Monday, May 11, 2020

MORE CONSTRUCTION INFO ABOUT THE BLOUSE PERFECTED

Hi ladies,

I'm continuing my posts about The Blouse Perfected.  It's such a useful pattern that I thought it was worth the time and effort.  It can be made as a casual shirt like the one I just finished in the linen stripe.  I've also made it in denim as a casual shirt.  However, it's a classic in silk, and I've done that as well.  

I have to confess that I bought a shirt just about like it in a woven silk stripe, and I've made it in silk chiffon.  That one was a challenge!

Anyway, a casual version like the one I made for my summer wardrobe is a great one to start with.  You have a chance to practice the techniques and end up with something wearable, even if it's a bit less than perfect.  Then you can go on to something more challenging.  I'm really looking forward to making a white shirt from this pattern.

COLLAR

So today I'll talk a bit about constructing the collar on this shirt.  The first thing you'll need to do is interface it.  (Do browse the exquisite interfacings on the website.  All lightweight and fusible.)

I have a specific method for applying interfacing, and the instructions are in the patterns.  But it could be helpful to see some photos of how it's done.  

Here's what you need:  a piece of parchment paper (from the grocery; it's what you bake cookies on.)  A press cloth, preferably silk organza so you can see through it.  And your iron, of course.

So put the parchment paper on the ironing board with the fabric Collar piece wrong side up.  My next step is to lay the interfacing on top, glue side down.  (In the instructions, the order is a bit different--either way works fine.)  Finally, lay the pattern piece on top.  

The idea is that you want the fabric collar shape to exactly match the shape of the pattern piece.  It's easy to skew the shape and not realize it, so check it with the pattern piece.  Otherwise, you can be fusing your collar into the wrong shape and it will never look right when you have finished your shirt.  Here's what you want to watch out for:


Can you tell that I've been using this piece of parchment paper for a while!!?  Anyway, this collar might never be right.  Let's look at one that's correct.


OK.  So now you remove the pattern tissue and put your press cloth on top.  (The collar is long--you may have to do one half at a time.)


Put your iron straight down at the center of the collar, shoot a bit of steam, and count for several seconds.  Then lift the iron to another section and repeat.  Don't slide the iron across the collar unless you like wadded up interfacing glued to your collar!!  Ask me how I know!

Follow the instructions to sew the short ends of the collar together, trim, and press.  Progress to pinning the upper edge of the collar, paying attention to the clips.  

Now for the thing I saw Louise do one day.  I got a bruise from slapping my forehead over this one.  I'll show you in pictures.  Put the collar on your machine as normal, but about 1/2" from the folded end.  Put the needle down into the fabric.


Lift the presser foot and turn the collar around.  Shorten your stitch length to 2.0 and stitch to the edge.  Here, I'm about to stitch to the folded edge.


When you've reached the exact edge, turn the whole collar back around and stitch (at 2.5 stitch length) all the way to the other end.
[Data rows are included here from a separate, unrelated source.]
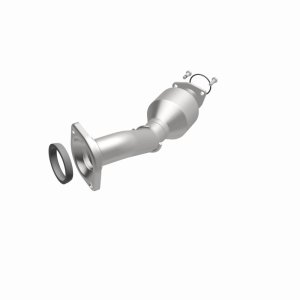 Acura ILX Catalytic Converter - Magnaflow - OEM Grade Direct-Fit - `13-`15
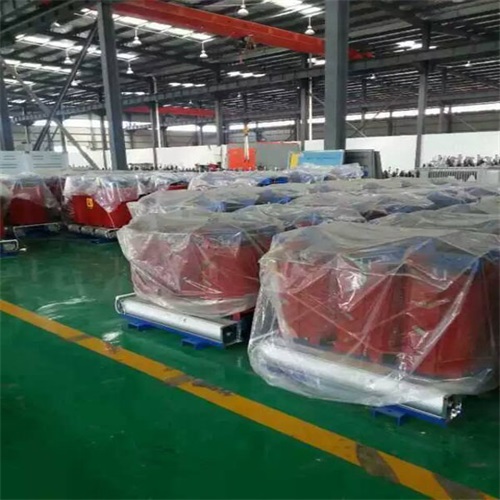 SCB14-1600kVA 石楼石楼石楼干式变压器 二级能效环保石楼石楼石楼干式变压器生产厂家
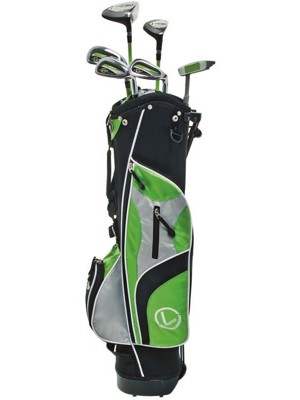 Longridge Junior Challenger Cadet Golf Package Set (12 Year Plus)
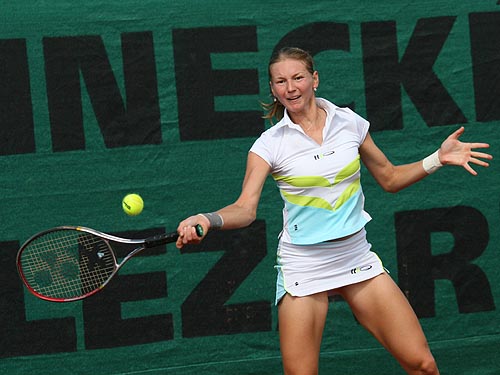 Renata Vorov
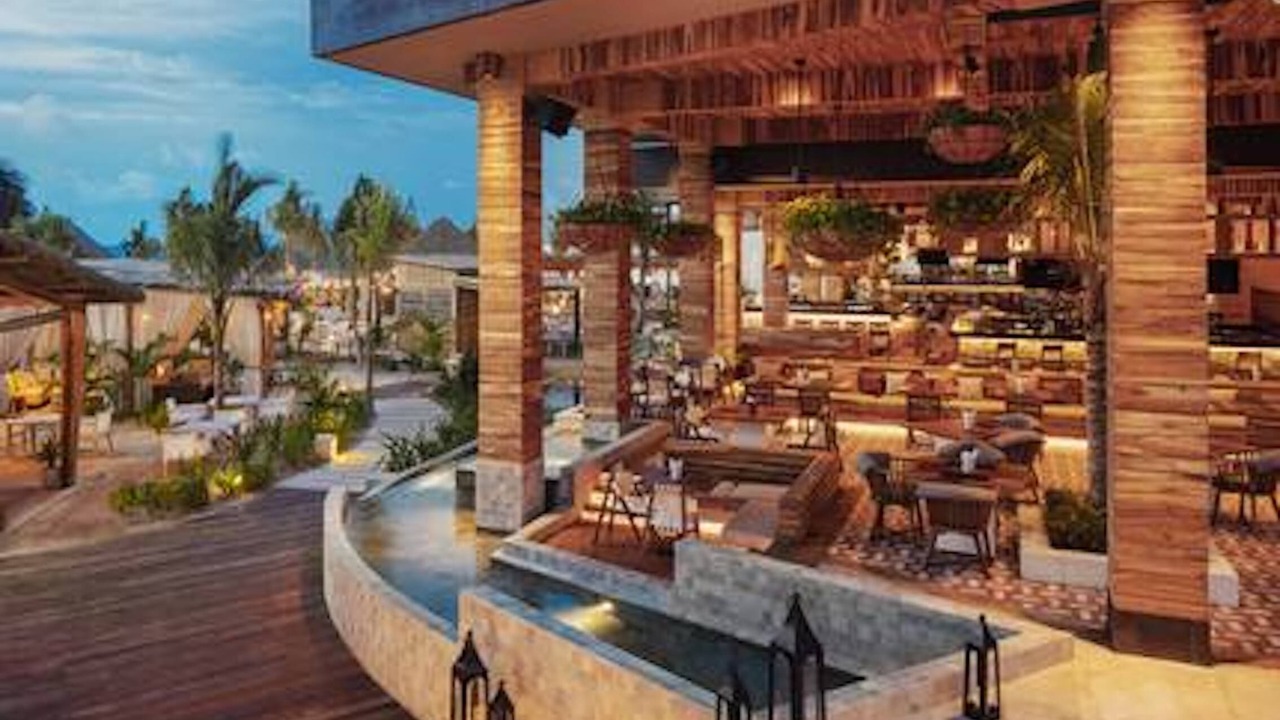 Photo of Outdoor in Villa Juarez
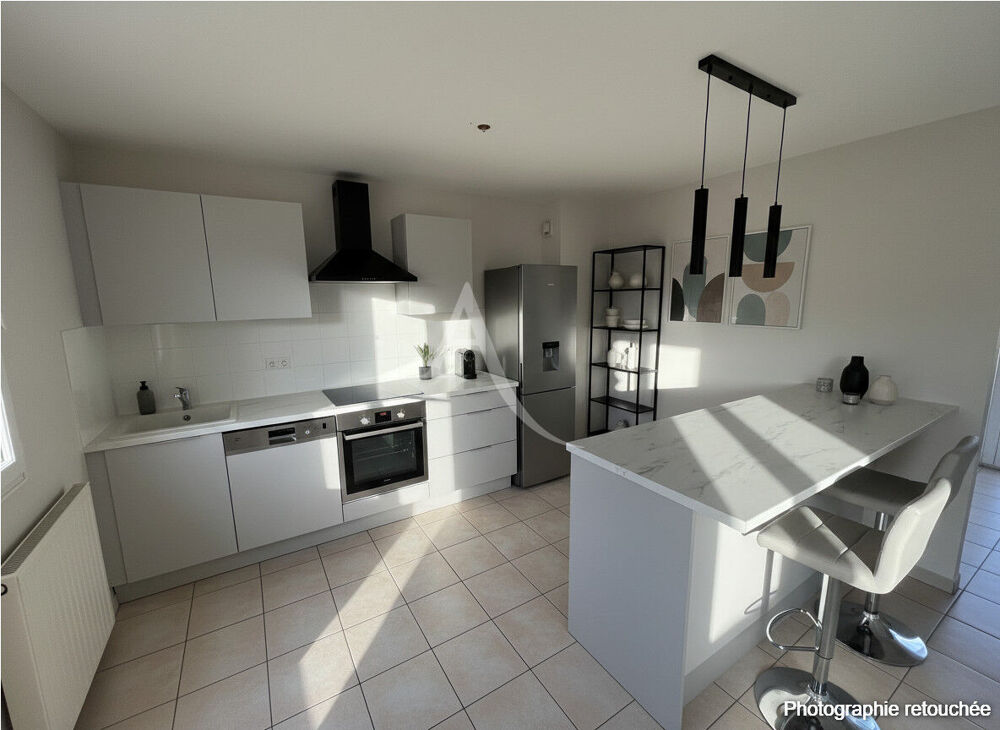 EXCLUSIVITE TIGY!!! Maison 3 chambres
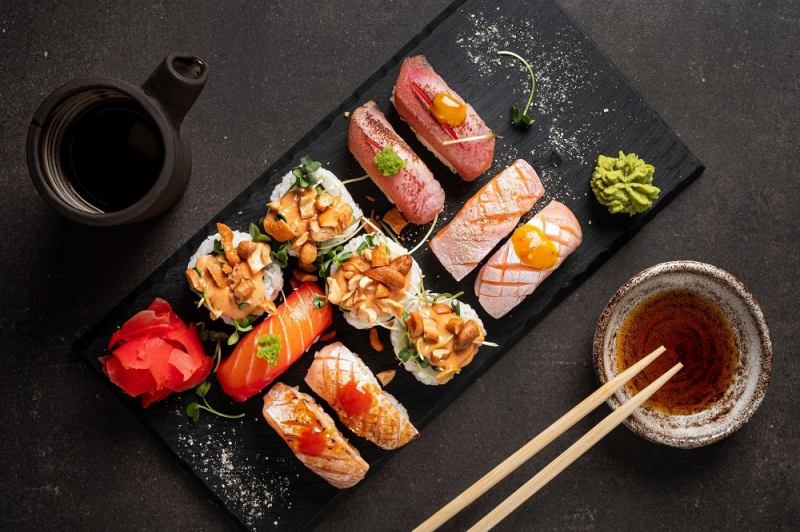 MiYen - Japanese Fusion Cuisine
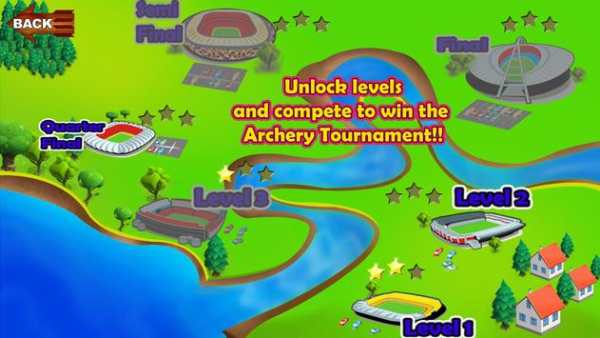Bull's Eye screenshot 4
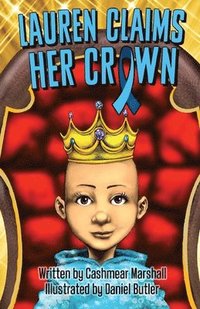 bokomslag Lauren Claims Her Crown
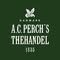 A.C. Perchs Thehandel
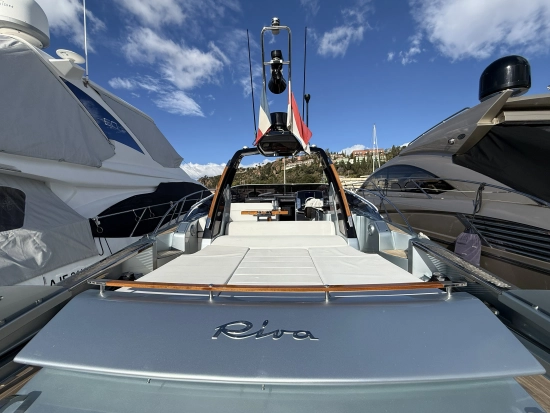 Riva Rivale 56 usata in vendita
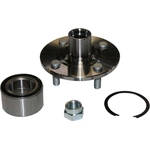 Order Wheel Hub Repair Kit by GMB - 730-0175 For Your Vehicle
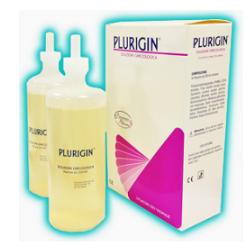 praevenio pharma plurigin soluzione ginecologica 2 flaconi 250 ml con cannula plurigin ean 8053307870045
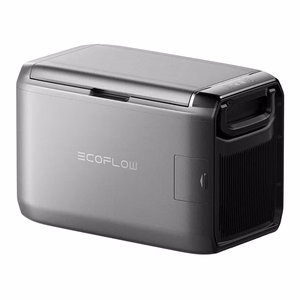 EcoFlow Glacier Classic 45l nešiojamas šaldytuvas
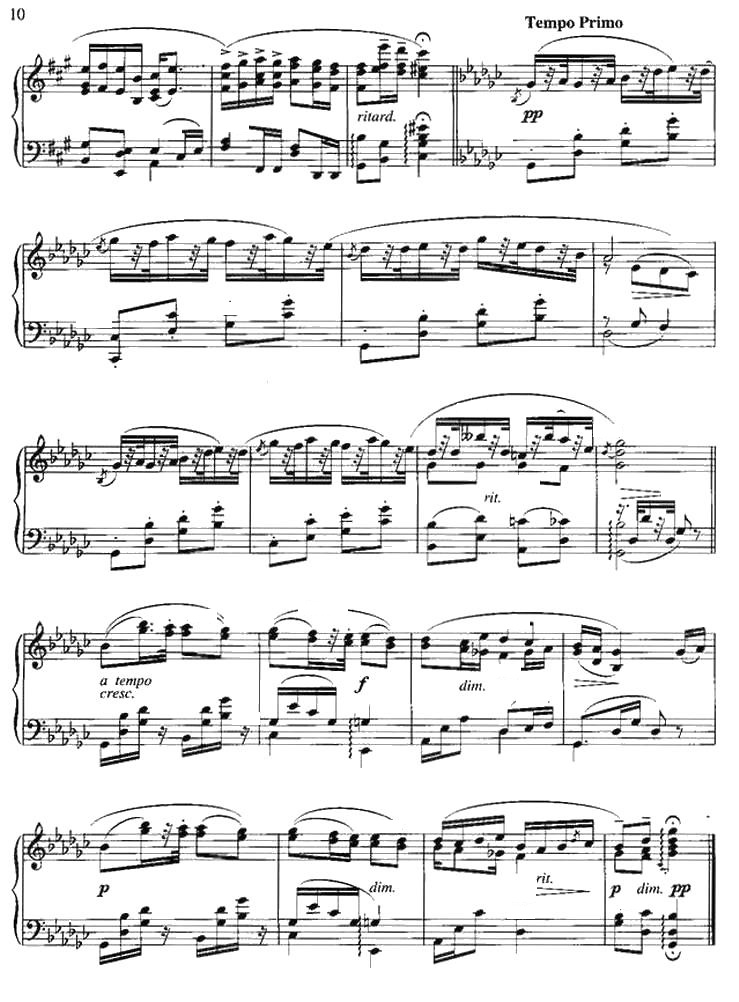 诙谐曲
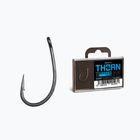 Гачки Delphin Thorn Shanker 11 szt чорні 101001445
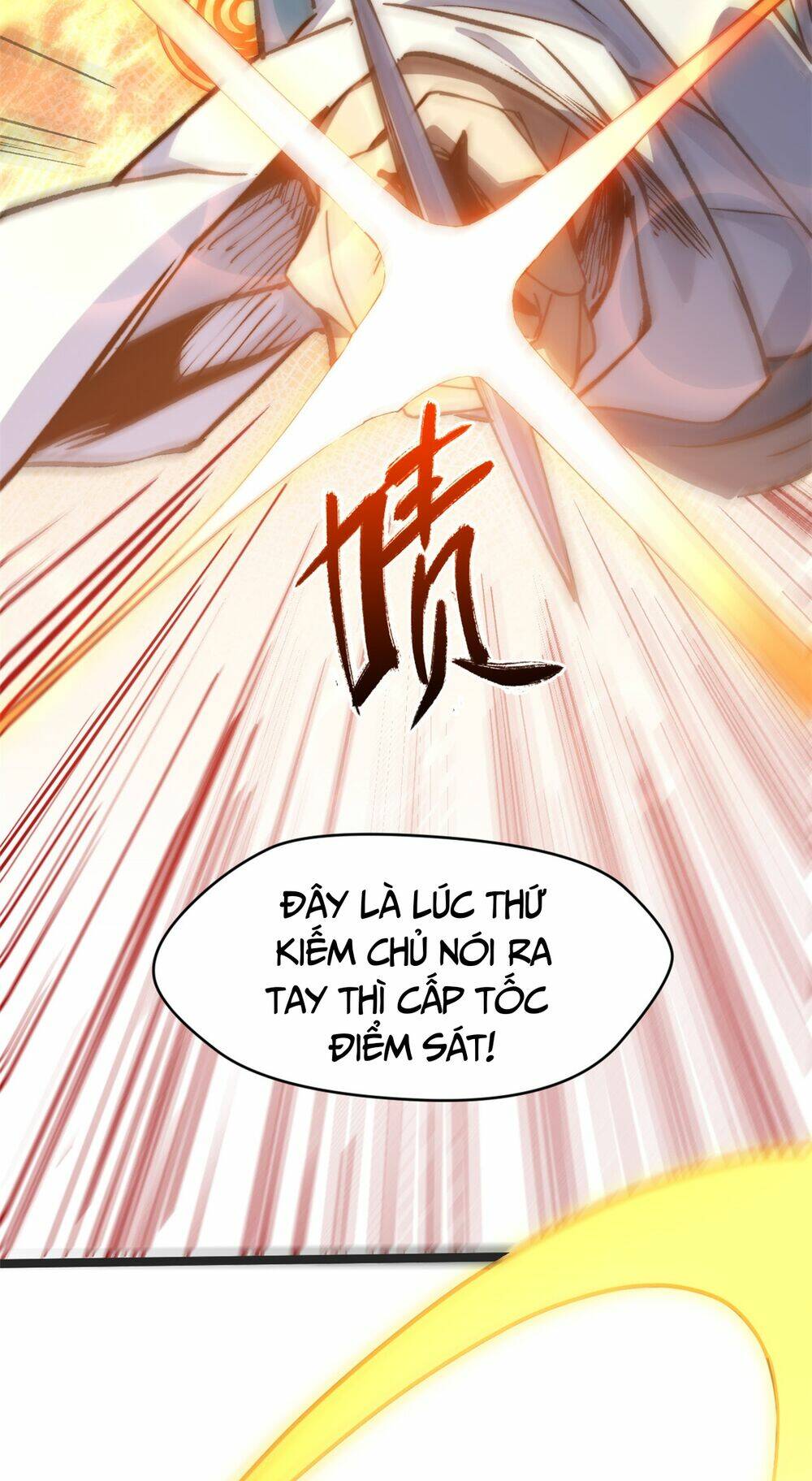 Đỉnh Cấp Khí Vận, Lặng Lẽ Tu Luyện Ngàn Năm Chapter 122 - Trang 2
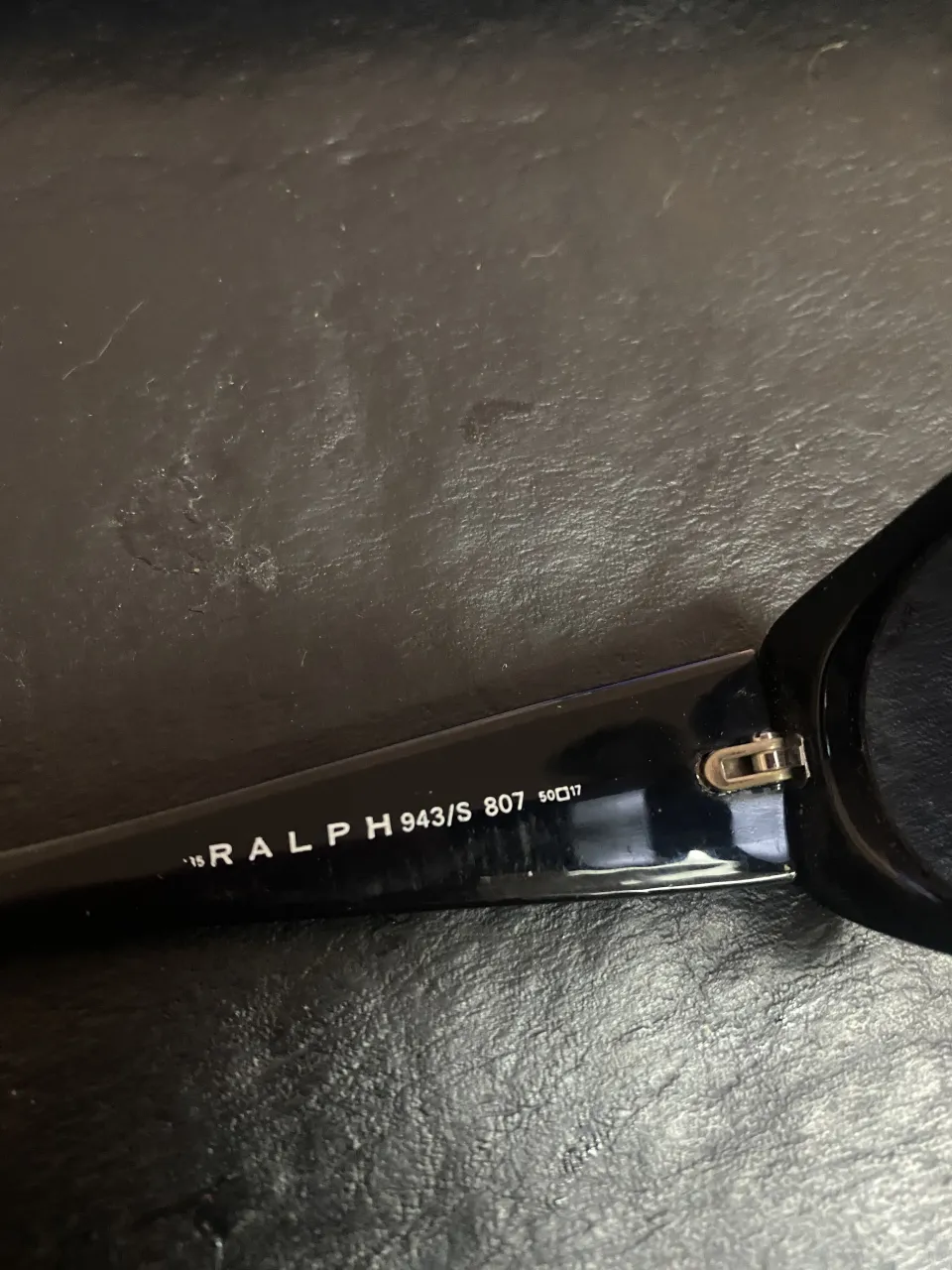 Anteojos Polo Ralph Lauren - imagen 3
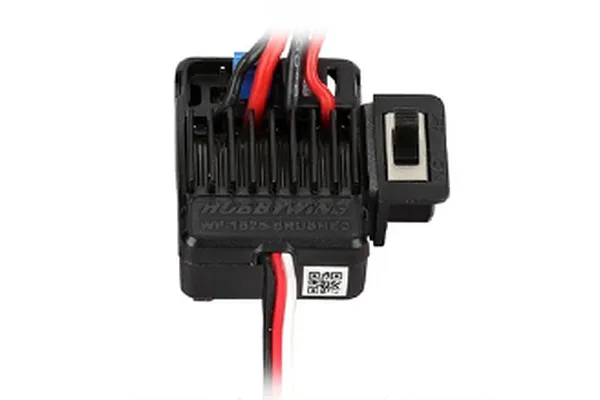 Hobbywing ESC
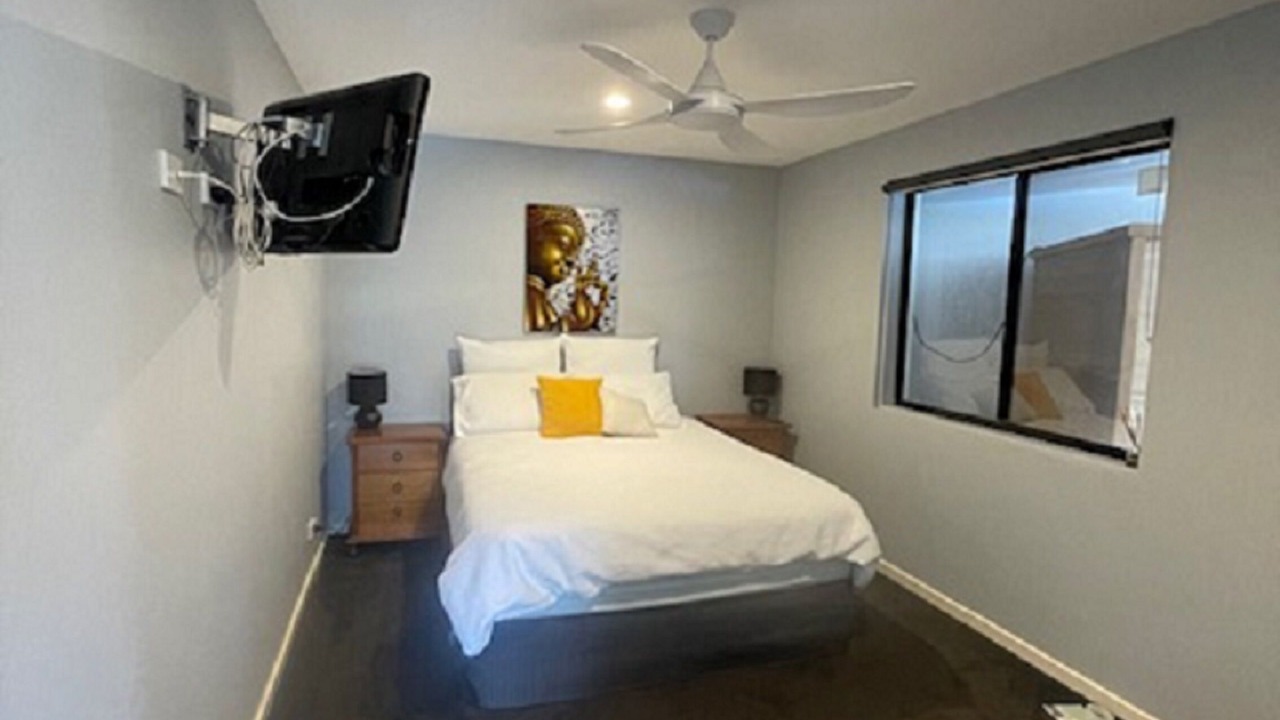 Photo of Bedroom in Ocean Grove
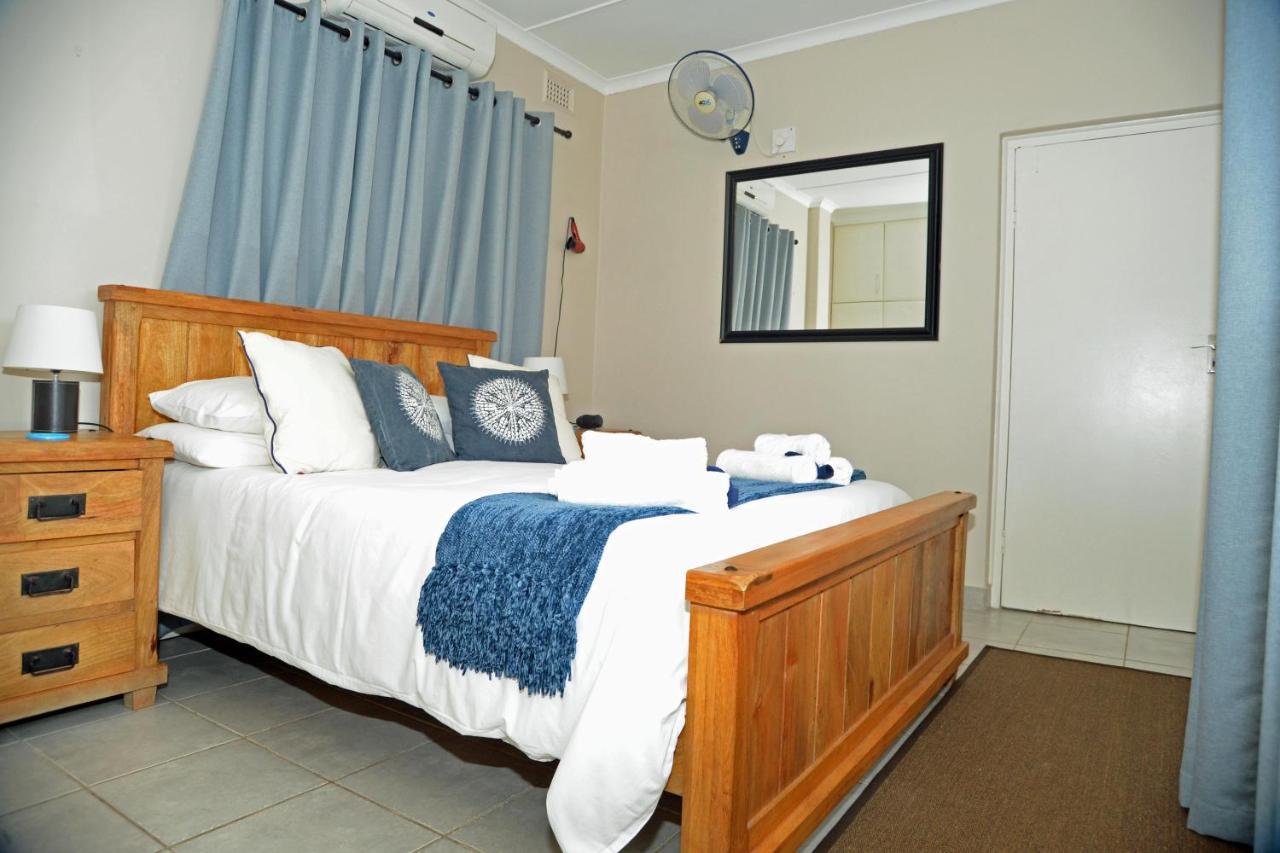 Billfish Apartments Ballito Exterior photo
In this photo, I've turned and am ready to stitch all the way across the top.  Stitch a mirror image at the other end (turning and stitching back for 1/2" at 2.0).


So one of the things that always bothers me is that little dent I get when I backstitch.  The tension changes when backstitching and pulls the end of the seam too tight.  It's especially troublesome at the corner of a collar because it makes the corner even tighter and harder to turn nicely.  By always stitching forward as illustrated above, the problem is eliminated.  Give it a try.

Again, follow the instructions for the sequence of steps.  You'll grade the seam allowances.  One thing you might not have thought about doing is pressing the seam allowances open.  It's a crucial step.  I explain it by saying that it teaches the fabric where to fold, so when the collar is right side out, it's so much easier to fold that upper edge precisely.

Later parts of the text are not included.